Scraped caption text data:
★ ★ ★ ★

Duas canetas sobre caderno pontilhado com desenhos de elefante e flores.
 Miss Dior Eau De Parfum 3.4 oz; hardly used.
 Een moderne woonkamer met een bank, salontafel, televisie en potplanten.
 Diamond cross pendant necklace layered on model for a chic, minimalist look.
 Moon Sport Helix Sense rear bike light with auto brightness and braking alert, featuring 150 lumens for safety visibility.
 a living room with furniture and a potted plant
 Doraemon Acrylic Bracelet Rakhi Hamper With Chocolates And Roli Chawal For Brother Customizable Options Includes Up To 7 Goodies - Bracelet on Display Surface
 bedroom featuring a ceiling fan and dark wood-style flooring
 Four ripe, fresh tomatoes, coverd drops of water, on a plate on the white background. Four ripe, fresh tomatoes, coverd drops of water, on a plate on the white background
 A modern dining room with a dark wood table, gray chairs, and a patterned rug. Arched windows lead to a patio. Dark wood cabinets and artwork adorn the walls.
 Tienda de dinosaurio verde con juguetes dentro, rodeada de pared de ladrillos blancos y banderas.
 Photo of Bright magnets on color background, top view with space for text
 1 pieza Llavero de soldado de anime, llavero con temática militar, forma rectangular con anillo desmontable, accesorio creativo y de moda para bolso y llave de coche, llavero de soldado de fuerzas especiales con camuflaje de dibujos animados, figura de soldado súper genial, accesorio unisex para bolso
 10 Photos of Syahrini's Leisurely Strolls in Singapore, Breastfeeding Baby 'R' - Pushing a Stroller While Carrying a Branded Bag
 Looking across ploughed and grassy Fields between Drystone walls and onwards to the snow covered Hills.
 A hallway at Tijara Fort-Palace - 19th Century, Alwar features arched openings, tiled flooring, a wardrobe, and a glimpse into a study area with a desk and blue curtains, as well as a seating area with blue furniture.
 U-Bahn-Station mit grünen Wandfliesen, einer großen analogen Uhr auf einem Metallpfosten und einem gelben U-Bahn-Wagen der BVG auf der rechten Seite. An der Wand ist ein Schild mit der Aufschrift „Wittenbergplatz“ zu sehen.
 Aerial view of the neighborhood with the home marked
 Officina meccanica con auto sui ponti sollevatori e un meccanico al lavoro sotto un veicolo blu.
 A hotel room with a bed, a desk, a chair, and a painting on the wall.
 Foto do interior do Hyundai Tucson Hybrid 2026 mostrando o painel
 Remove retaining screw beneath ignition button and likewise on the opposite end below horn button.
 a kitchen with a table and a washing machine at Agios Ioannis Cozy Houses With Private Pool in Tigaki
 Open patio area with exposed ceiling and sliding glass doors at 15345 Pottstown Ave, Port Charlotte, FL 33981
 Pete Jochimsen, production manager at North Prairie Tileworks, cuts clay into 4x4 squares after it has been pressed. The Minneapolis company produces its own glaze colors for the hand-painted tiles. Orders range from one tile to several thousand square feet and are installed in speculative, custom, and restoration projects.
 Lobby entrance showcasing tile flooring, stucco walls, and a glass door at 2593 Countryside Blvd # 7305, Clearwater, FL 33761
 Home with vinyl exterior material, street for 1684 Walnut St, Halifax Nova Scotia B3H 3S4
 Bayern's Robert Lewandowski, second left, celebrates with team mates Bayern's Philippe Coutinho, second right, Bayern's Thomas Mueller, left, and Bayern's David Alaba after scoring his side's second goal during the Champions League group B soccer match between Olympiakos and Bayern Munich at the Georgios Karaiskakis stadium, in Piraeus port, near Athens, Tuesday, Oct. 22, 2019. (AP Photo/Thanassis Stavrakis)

★ ★ ★ ★

◆ About this exercise
In the records above, find the line with "Open patio area"; write out exactly that line and each one after it, stopping after the line with "Pete Jochimsen, production".

◆ Task output
 Open patio area with exposed ceiling and sliding glass doors at 15345 Pottstown Ave, Port Charlotte, FL 33981
 Pete Jochimsen, production manager at North Prairie Tileworks, cuts clay into 4x4 squares after it has been pressed. The Minneapolis company produces its own glaze colors for the hand-painted tiles. Orders range from one tile to several thousand square feet and are installed in speculative, custom, and restoration projects.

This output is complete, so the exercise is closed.